The two months long 2015 snow leopard expedition to the Tien Shan mountains of Kyrgyzstan ended on 8 August, with the last of three teams breaking camp. Biosphere Expeditions in collaboration with the local office of German NGO NABU (Naturschutzbund = Nature & Biodiversity Conservation Union) runs the snow leopard expedition annually with the aim of providing valuable scientific data to empower local authorities to make informed conservation decisions and take action based on hard data.
One of the highlights of this year’s results is the confirmation of snow leopard presence (in the form of tracks and scat) in the Kyrgyz Alatoo range. Three individual instances were recorded over the course of two months.
While this is exciting, especially for volunteer citizen scientists doing the ground work in the field, the project does not focus solely on the search of snow leopard sign, but also collects information on prey species. For example, mammals and birds that can reveal information on the biodiversity and health of the habitat as well as disturbances.
“It all adds to statistics and you also take into account the zeros”, explains field scientist Dr. Volodya Tytar. “If you check the camera trap and say – oh there is nothing – it is something! Because if it is a zero, which has been obtained, that also adds to the statistical database.”
When talking about how the data are used, Dr. Tytar mentions a new approach called ‘ecological niche modelling’ or ‘species distribution modelling’. This consists of the combination of readily available environmental digital information (for example temperature, moisture, vegetation, etc.) with ground data collected by volunteers. Computer software then combines the two to arrive at some sophisticated forecasting of wildlife distribution. It also identifies new areas that have not been surveyed yet, but that could be promising snow leopard habitat. “With modern computing methods a lot can be done”, Dr. Tytar adds, “but the bottleneck turns out to be that there are often very little ground data. So the data collected by our expeditioners in the field adds a fundamental missing piece of information to an existing digital information puzzle, enabling predictive analysis of species distribution even across non-surveyed areas – an exercise which would otherwise not be possible.”

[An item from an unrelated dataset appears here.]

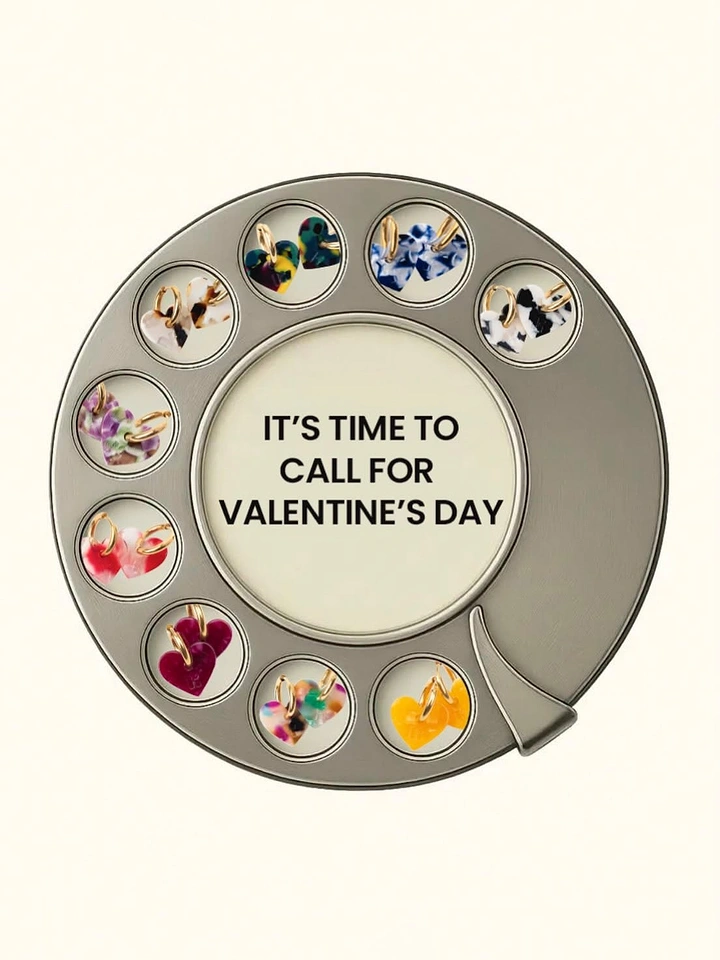 Valentine's Day creative ad: Rotary phone dial with heart earrings in its finger holes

Talking about the results of this year’s expedition, Dr. Tytar says that together with NABU, Biosphere Expeditions will be able to generate specific conclusions and recommendations about candidate areas for conservation status: “There are areas where we found fresh tracks of ibex in combination with minimum disturbances. Many of these areas are in very confined mountain locations with only one entrance, so they would be quite easy to protect by just having, say, a ranger station or a signboard and people patrolling the area. I think all this together in the future will work out in a network of protected areas, maybe including some kind of corridors as well. What we have been doing here significantly contributes to that kind of work”, concludes Dr. Tytar.
Listed as “Endangered” on the IUCN Red List, the snow leopard is threatened by poaching, retaliatory killings and habitat loss. It is estimated that fewer than 7,500 snow leopards remain in the wild. One goal formulated by an international snow leopard conference in Bishkek in 2014 was the 20/20 pledge – to protect 20 snow leopard landscapes that have over 100 breeding adults by 2020, and to promote sustainable development in areas where the species lives.